Some foods make my arthritis worse… is it my imagination?

For centuries, the effects of food on arthritis symptoms have been discussed both in the scientific literature as well as in lay writings. Food allergy has been reported to play a role particularly in RA.

In a study published in 1980, 22 patients with RA consumed a diet that excluded common allergens. Twenty patients (91%) experienced an improvement in symptoms, and 19 found that specific foods repeatedly exacerbated their symptoms. The mean time on the elimination diet before improvement occurred was 10 days, and the longest time was 18 days. The mean number of food sensitivities per patient was 2.5; the most common symptom-provoking foods were grains, milk, nuts, beef, and egg. (Hicklin JA, McEwen LM, Morgan JE. The effect of diet in rheumatoid arthritis. Clin Allergy 1980;10:463.)

In a later study, 53 patients with RA were randomly assigned to consume a diet that excluded common allergens, or their usual diet (control group) for six weeks. After one week, the patients on the exclusion diet began reintroducing one food at a time; any foods producing symptoms were removed from the diet. The hypoallergenic diet group fared significantly better than the control group for each of 13 different parameters of disease activity. The patients in the control group then underwent the same elimination-and-challenge procedure that the diet group had, and experienced similar, though somewhat less impressive, improvements (Darlington LG, Ramsey NW, Mansfield JR. Placebo-controlled, blind study of dietary manipulation therapy in rheumatoid arthritis. Lancet 1986;1:236-238).

Long-term follow-up of 100 patients who underwent dietary therapy in this study revealed that one-third remained well on diet alone, without any medication, for up to 7.5 years after starting treatment (Darlington LG, Ramsey NW. Diets for rheumatoid arthritis. Lancet 1991;338:1209).

While the possibility of placebo effect needs to be considered, the long-term benefit experienced by these patients is noteworthy. Also, while there was some weight loss noted in the treated patients, there was no significant correlation between weight loss and clinical improvement in RA symptoms.

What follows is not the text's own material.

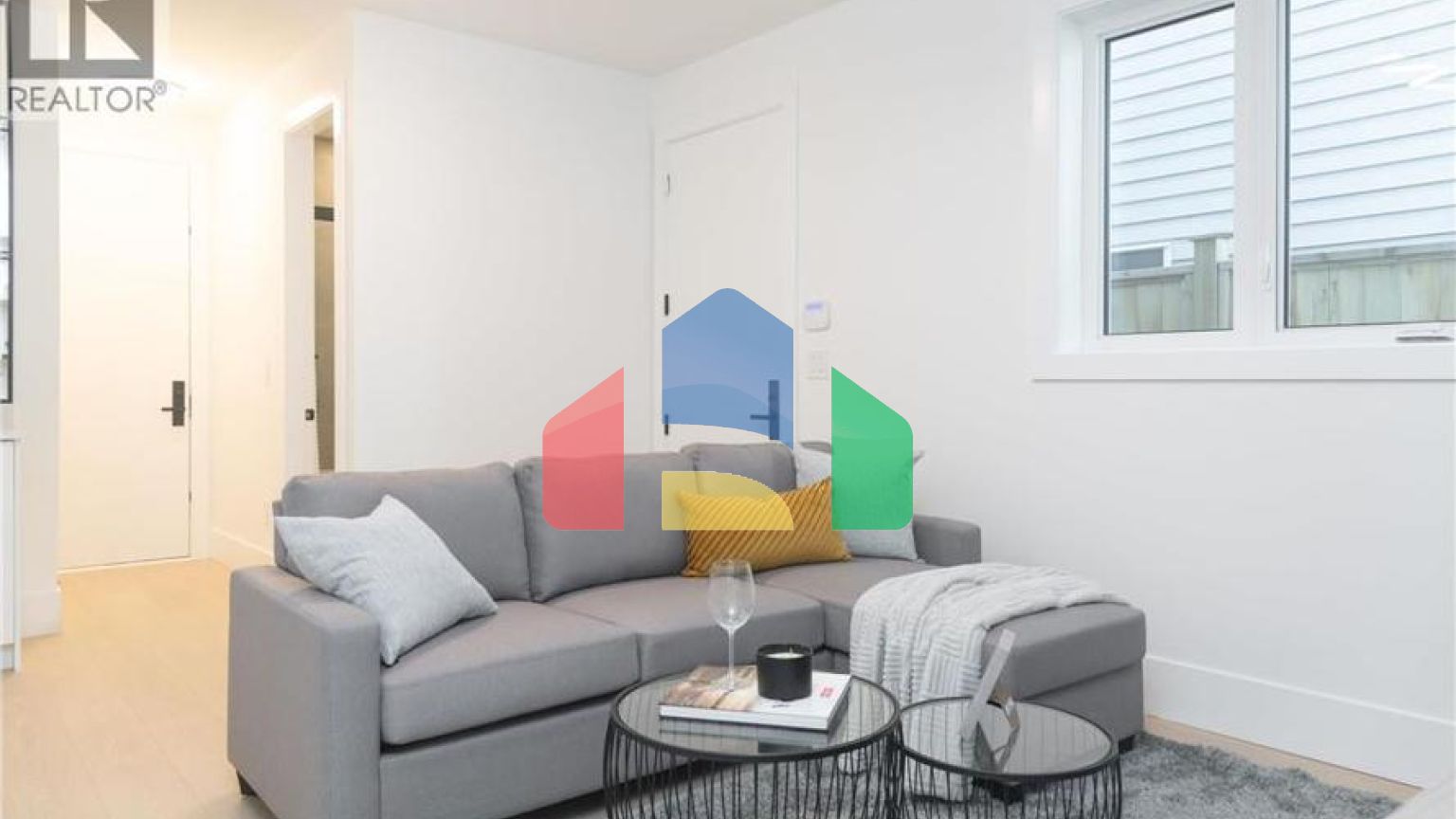 Residential - Single Family Home - Richmond, Canada - Canada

In another double-blind controlled study, 94 patients with RA were randomized to one of two diets for four weeks, followed by a return to their usual diets for another four weeks. One diet (“allergen free”) was free of common allergens, additives and preservatives. The other diet (“low allergen”) was similar to the allergen-free diet, but contained milk allergens and azo dyes. Seventy-eight patients completed the study. The effects of food elimination and re-challenge varied considerably among patients. Nine patients (11.5% of the total; 6 in the allergen-free group, 3 in the low-allergen group) had a favorable response to the elimination diet, followed by marked disease flare during re-challenge. In these patients, subjective improvements were confirmed by improvements in objective parameters of disease activity (Van de Laar MA, van der Korst JK. Food intolerance in rheumatoid arthritis. I. A double blind, controlled trial of the clinical effects of elimination of milk allergens and azo dyes. Ann Rheum Dis 1992;51:298-302). The small number of patients exhibiting changes is an argument against significant benefits associated with a diet manipulation. Nonetheless it appears that there is a subset of patients for whom diet is an important component of their symptom complex.

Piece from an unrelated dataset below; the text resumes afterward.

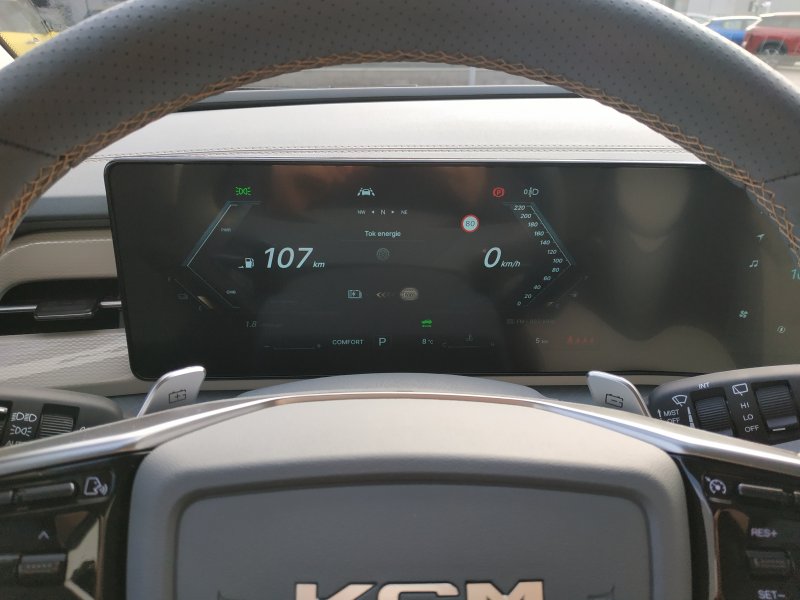 Torres HEV STYLE B.E. 2WD AT (LAK)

A smaller study looked at eleven RA patients. Two of the 11 RA patients showed a favorable response to an elimination diet and experienced worsening after eating offending foods. In that study, the elimination diet did not exclude certain common allergens (wheat, corn, egg whites, sugar, and coffee). It could be argued that the response rate would have been higher if the elimination diet had been more restrictive (Panush RS, Carter RL, Katz P, et al. Diet therapy for rheumatoid arthritis. Arthritis Rheum 1983;26:462-471). Small numbers in this study make comprehensive validation impossible.

These studies seem to imply that avoidance of allergenic foods might benefit a subset of patients with RA, although the proportion of patients responding to dietary change varies a lot from one study to the next. The difference in response rates may be related in part to the patient populations studied. Some authorities feel that younger patients (under the age of 40) with less aggressive RA respond best to avoidance of allergens. Older patients and those with relatively severe RA may not respond to dietary manipulation as well. The divergent results in published studies may also be explained in part by strictness of dietary restriction and/or compliance. Finally, RA is a spectrum of diseases; not all therapies work for all patients. This divergence of effect has been noted even with biologic therapies.

The possibility of food allergies accounting for RA symptoms makes the use of food allergy testing a viable weapon in the arsenal of the clinical rheumatologist. In our clinic we use food allergy testing in patients where symptoms don’t seem to respond to conventional therapies.